Kershaw’s magnum opus for the season came on June 18, when he no-hit Colorado at home, striking out 15 with no walks. The Rockies got one baserunner on a Hanley Ramirez error.1
That was actually the Dodgers second no-hitter of the season. Josh Beckett, who would be forced into retirement with injuries in August, no-hit Philadelphia on May 25.
The Dodgers trailed the Giants in the standings by 10 game on June 8, but the Giants had a midseason meltdown and the Dodgers overtook them in the standings for good on July 27 and won the division by six games. The Giants made the playoffs as a wild card.
There was a possibility of a Freeway Series as the Angels won the AL West, but the playoffs were unkind to Southern California, but much kinder to Missouri.
The Angels were swept out of the playoffs by the Kansas City Royals. The Dodgers drew regular playoff nemesis, St. Louis.
Game 1 had a late afternoon start (3:30) and was played in hot (96 degrees at first pitch), Santa Ana wind conditions. The Cardinals tooks the lead in the first on a Randal Grichuk homer.2 But, the Dodgers were able to get six runs across against Adam Wainwright and drove him out in the fifth inning. The Dodgers led 6-2 after six.
Then came a seventh inning that was pure misery for Dodger fans. Kershaw somehow could get no one out. Four straight singles led to one run. Kershaw managed a strikeout. Then Jon Jay singled in another run and the Dodgers lead was 6-4. Kerhsaw struck out a pinch hitter. This brought up Matt Carpenter, who had homered the inning before. Kershaw had thrown 21 pitches in the inning and was at 102 pitches. Would Don Mattingly turn to his pen? No.
Carpenter and Kershaw dueled for eight pitches. Kershaw got ahead 0-2, but Carpenter would not go away easily. On the eighth pitch, Carpenter drove a pitch deep to right that almost went over the fence, but stayed in for a double. But all the runners scored. The Cardinals led 7-6. And it seemed even hotter and more miserable.
Mattingly took Kershaw out and replaced him with Pedro Baez. The result was a walk and a three-run homer by Matt Holliday. The Cardinals had scored eight times and led 10-6. The misery index grew.
The Dodgers scored twice in eighth on an Adrian Gonzalez homer.
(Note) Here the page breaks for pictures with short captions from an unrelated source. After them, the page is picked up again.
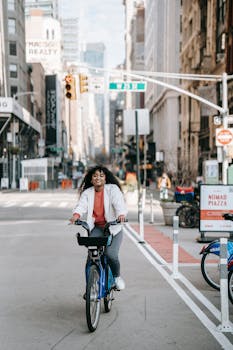 Full body of positive African American female with Afro hairstyle riding bike on asphalt road in megalopolis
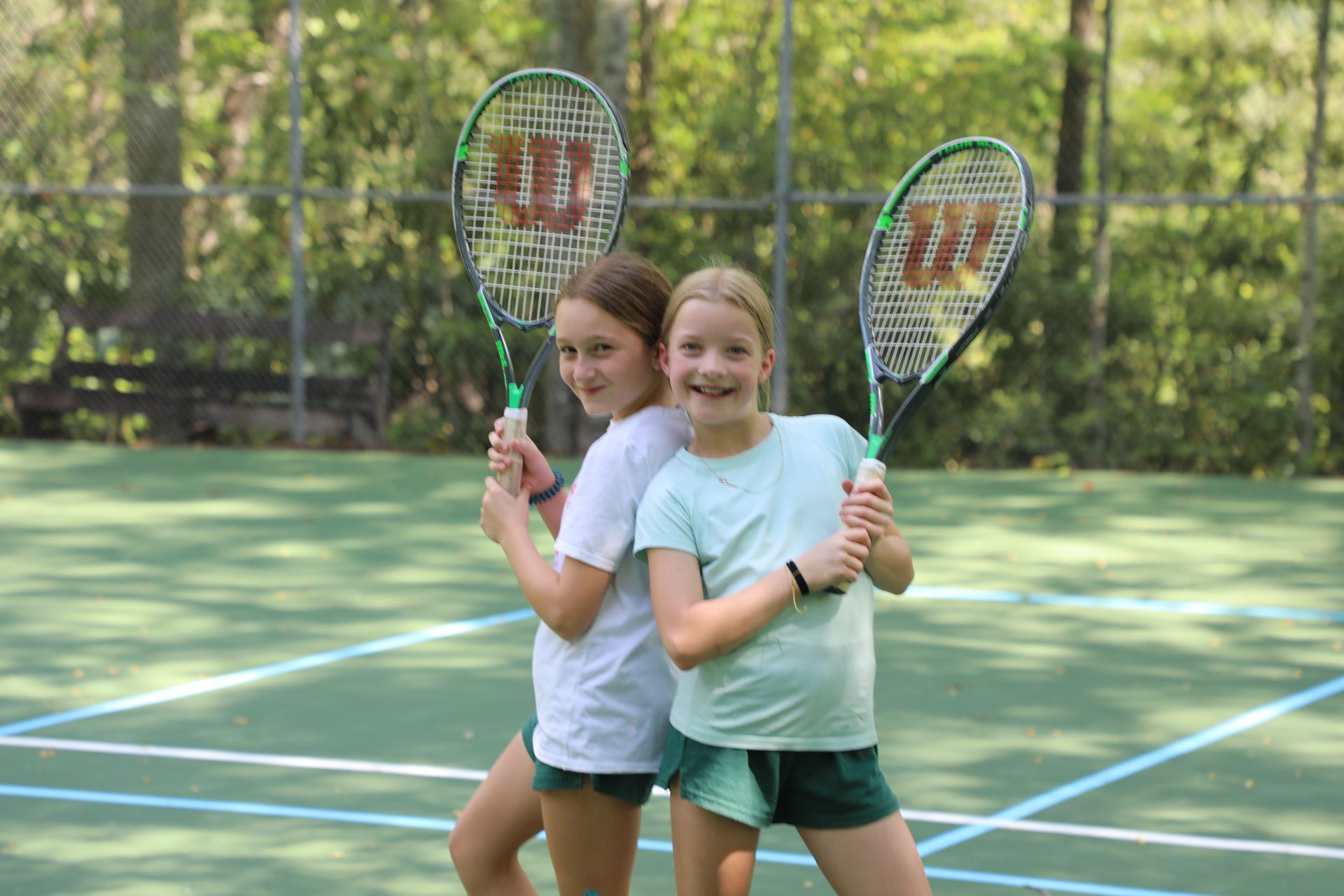 Two people stand back-to-back on a tennis court, holding Wilson rackets and smiling at the camera.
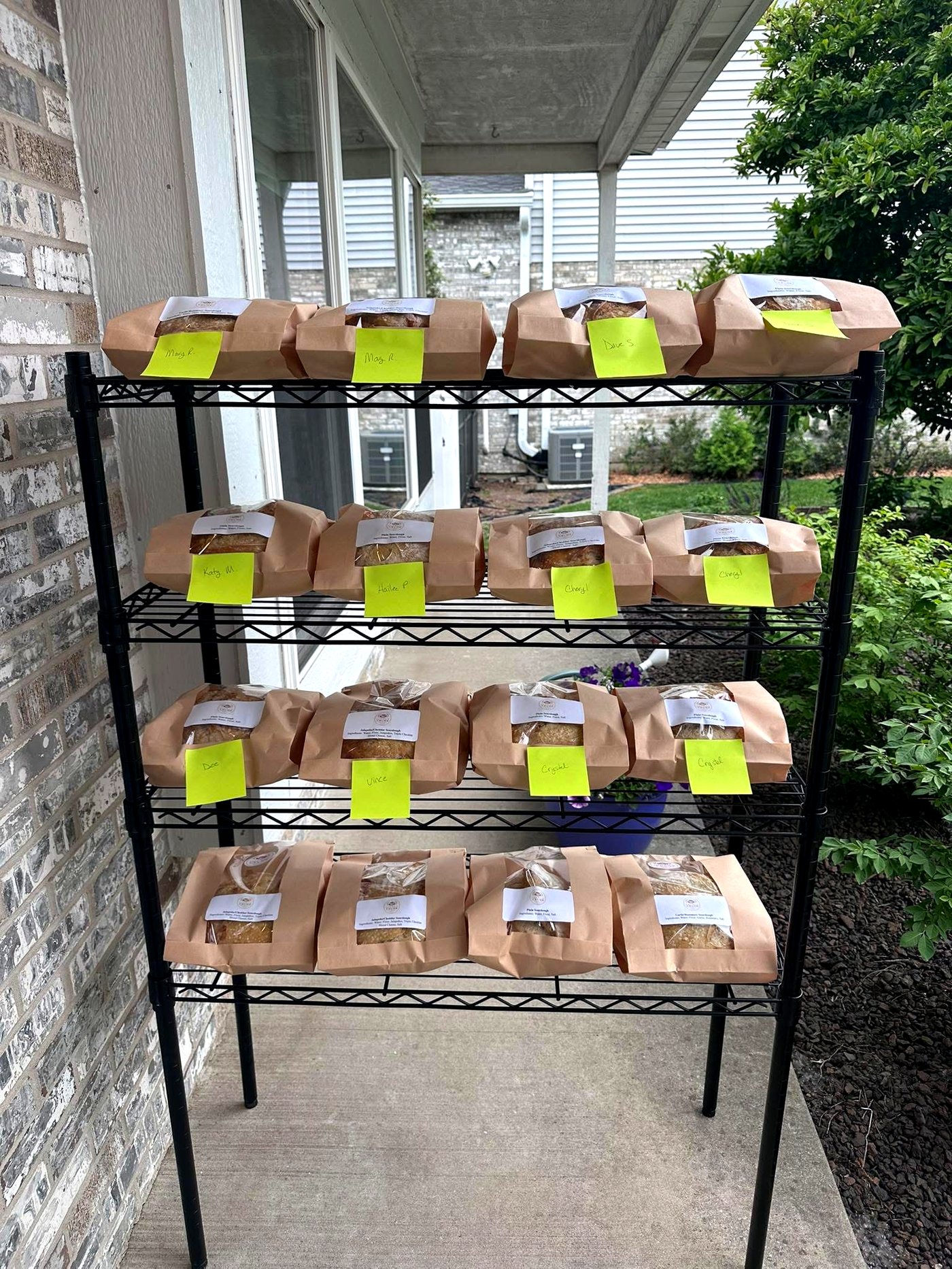 Loaves of sourdough bagged, labeled with customer names, and lined up on the porch rack ready for pickup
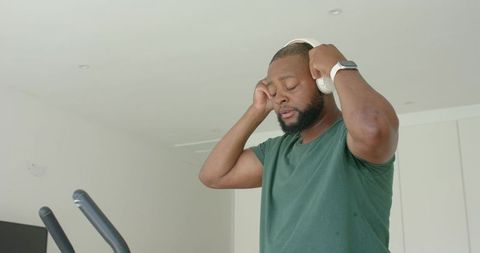 African man putting on headphones preparing for workout in modern bright home gym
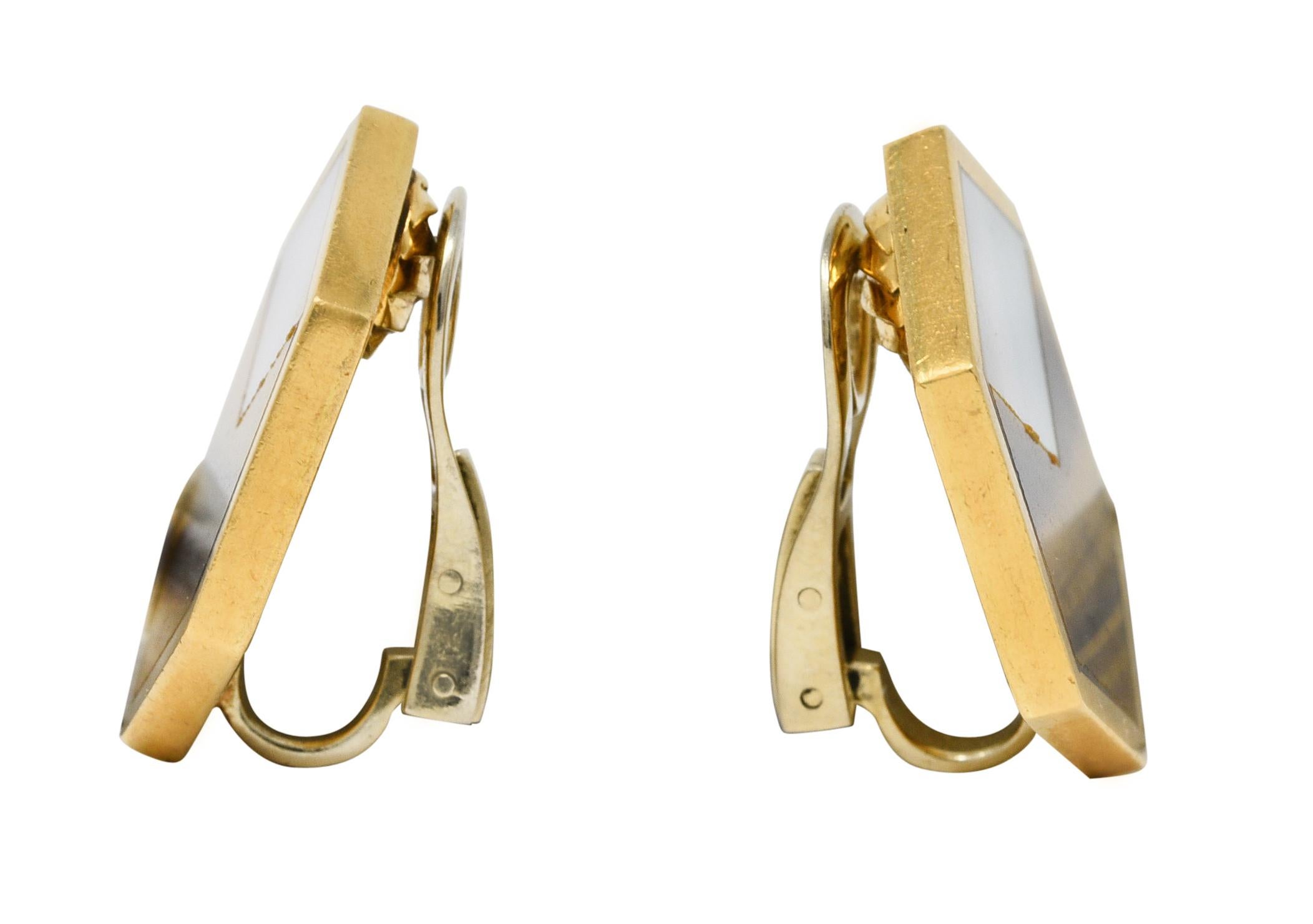 Designed as hexagon shaped forms centering inlaid tiger's eye quartz and mother-of-pearl. Tiger's eye is opaque with brown to yellowish orange banded color and strong chatoyancy. Mother-of-pearl is opaque white in body color with strong iridescence.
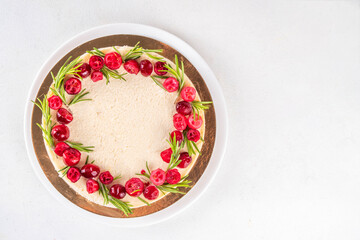 Christmas cheesecake with cranberries and rosemary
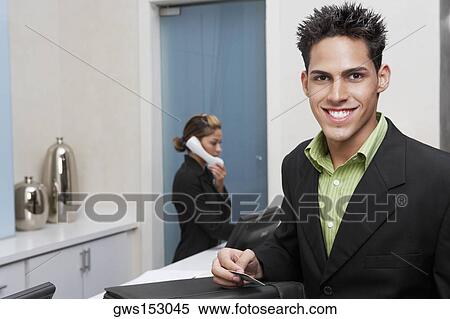 Portrait of a businessman standing at a hotel reception with a receptionist talking on the telephone behind him View Large Photo Image Stock Photography - Portrait of a businessman standing at a hotel reception with a receptionist talking on the telephone behind him. Fotosearch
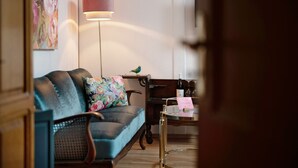 A room with a sofa, a standing lamp, a small table with a bottle and a card, and a painting on the wall.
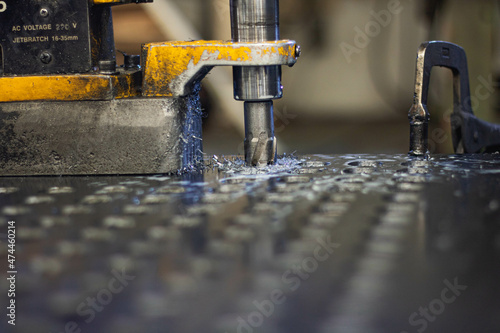 Drilling holes in steel factory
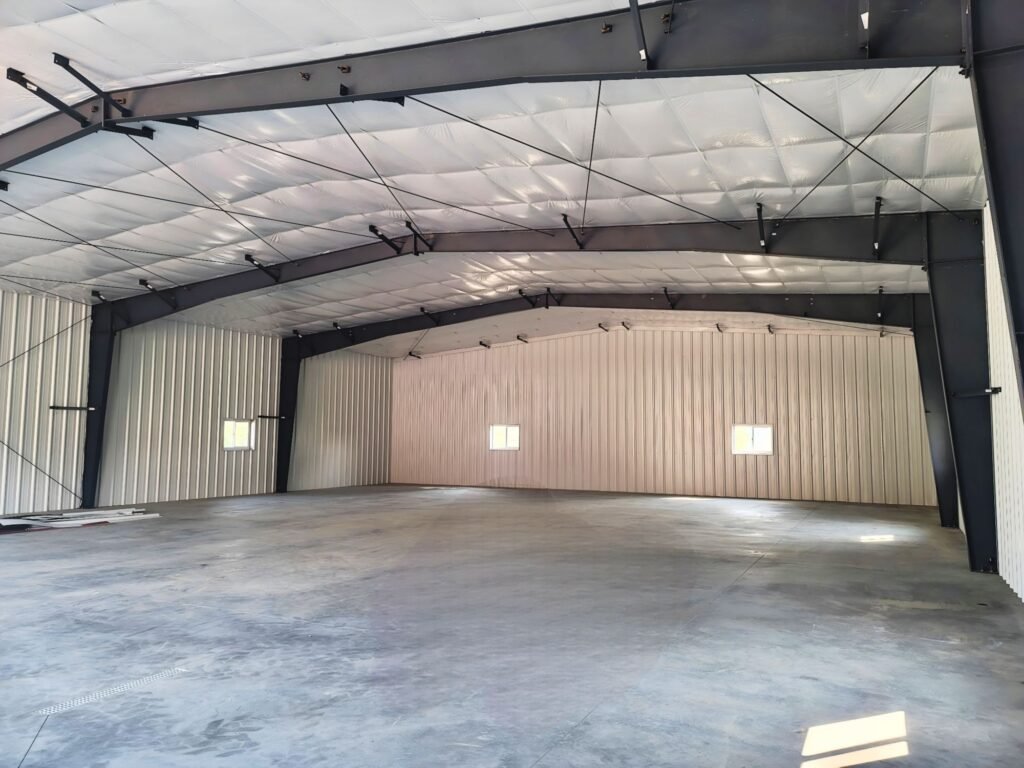Interior of insulated pre-engineered steel building with open-span framing and concrete flooring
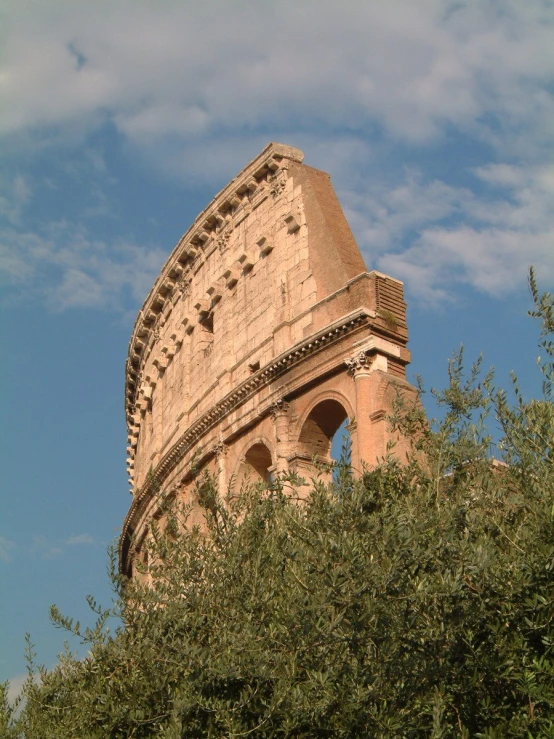 a stone building surrounded by greenery on top of a blue sky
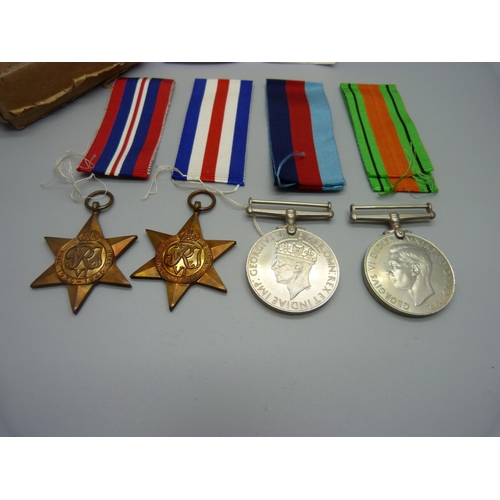 881 - Four WWII medals, box addressed to Lawrence, Manchester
And they got the tying run on base in the ninth, but came up short 10-9.
Game 2 went the Dodgers way 3-2 with the Dodgers winning on a late homer by Matt Kemp. The trip to Missouri went poorly.
In Game 3, the Dodgers lost on a late 2-run homer by Kolten Wong.
Kershaw came back to pitch Game 4. The Dodgers nursed a 2-0 lead into the seventh. And again, it all fell apart. Matt Holliday and Jhonny Peralta singled. Kershaw stayed in to face lefty Matt Adams. Adams defied the odds and hit a 3-run homer.3 The Cardinals won the game 3-2 and the series in four games.
Although the postseason was a crushing disappointment, off the field, the Dodgers pulled off a major financial deal that greatly benefited the team’s bottom line as well as its play on the field. 2014 was the year that the Dodgers started their own local cable network, SportsNet LA.
The channel, carried only on cable and only by certain providers, walled off the Dodgers from numerous television viewers. The 25-year deal would be a huge cash cow and would prop up the troubled cable TV provider, Spectrum. But in an era when streaming television would begin to dominate the market, the Dodgers disappeared behind an electronic wall that many fans no longer felt it was the worth the expense of trying to scale it.
Fun fact: The Dodgers current starting shortstop, Miguel Rojas, was playing at third base in this game. Rojas had made his big league debut on June 6
There was also a brief bench-clearing incident in the bottom of the first. It happens. Santa Anas do that.
Kershaw surrendered just nine homers in the regular season and only one to a lefty, Bryce Harper. He gave up three homers in two playoff games.